** What you should do **
Pictures must not appear in the copy. Restate exactly the lines below from the one with "Pure Wool Throw" through the one with "Cuaderno con gomilla", inclusive.

** Source information **

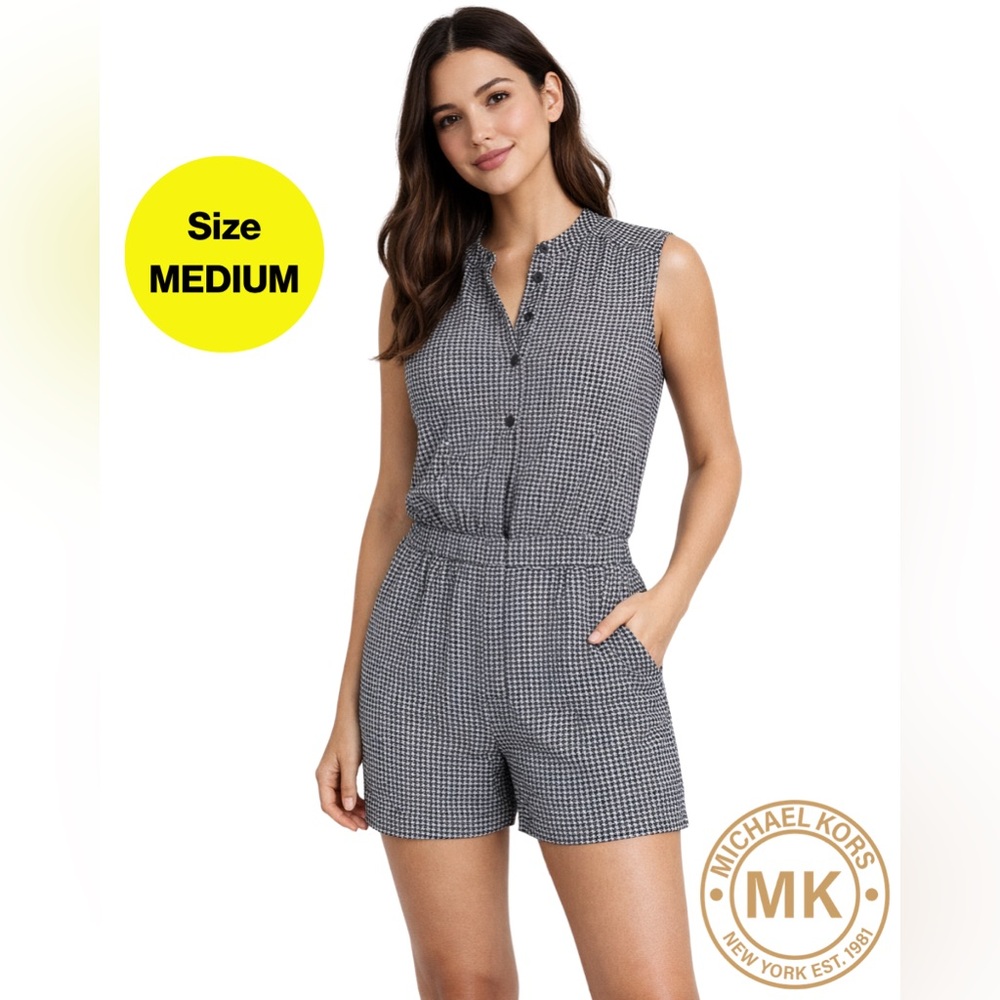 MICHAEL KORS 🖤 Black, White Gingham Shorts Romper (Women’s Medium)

==

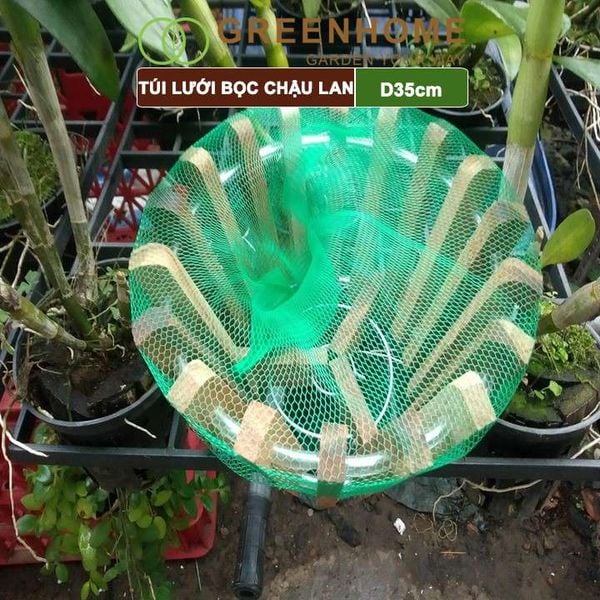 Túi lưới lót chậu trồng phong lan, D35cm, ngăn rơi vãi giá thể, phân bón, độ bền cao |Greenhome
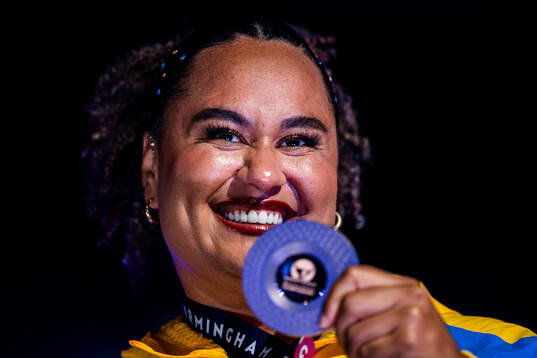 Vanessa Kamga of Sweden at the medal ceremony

==

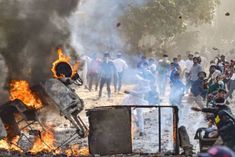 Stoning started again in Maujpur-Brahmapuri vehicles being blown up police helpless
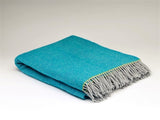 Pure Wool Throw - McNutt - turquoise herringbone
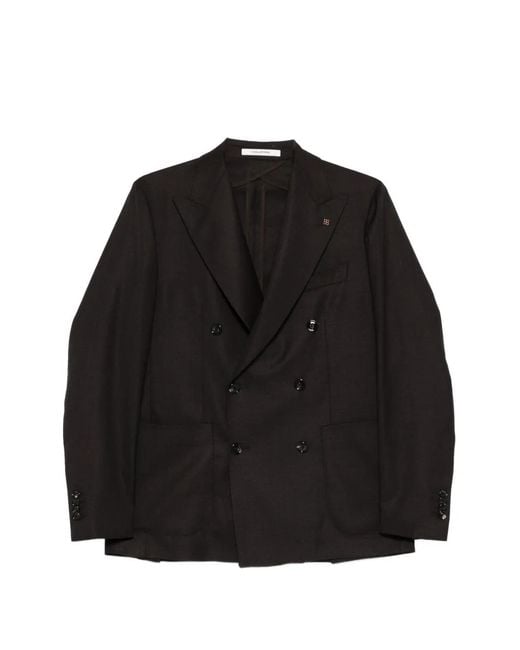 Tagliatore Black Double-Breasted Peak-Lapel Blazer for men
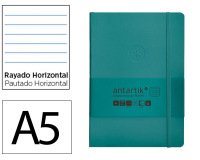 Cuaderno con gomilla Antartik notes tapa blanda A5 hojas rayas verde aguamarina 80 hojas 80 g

** Response **
 Pure Wool Throw - McNutt - turquoise herringbone
 Tagliatore Black Double-Breasted Peak-Lapel Blazer for men
 Cuaderno con gomilla Antartik notes tapa blanda A5 hojas rayas verde aguamarina 80 hojas 80 g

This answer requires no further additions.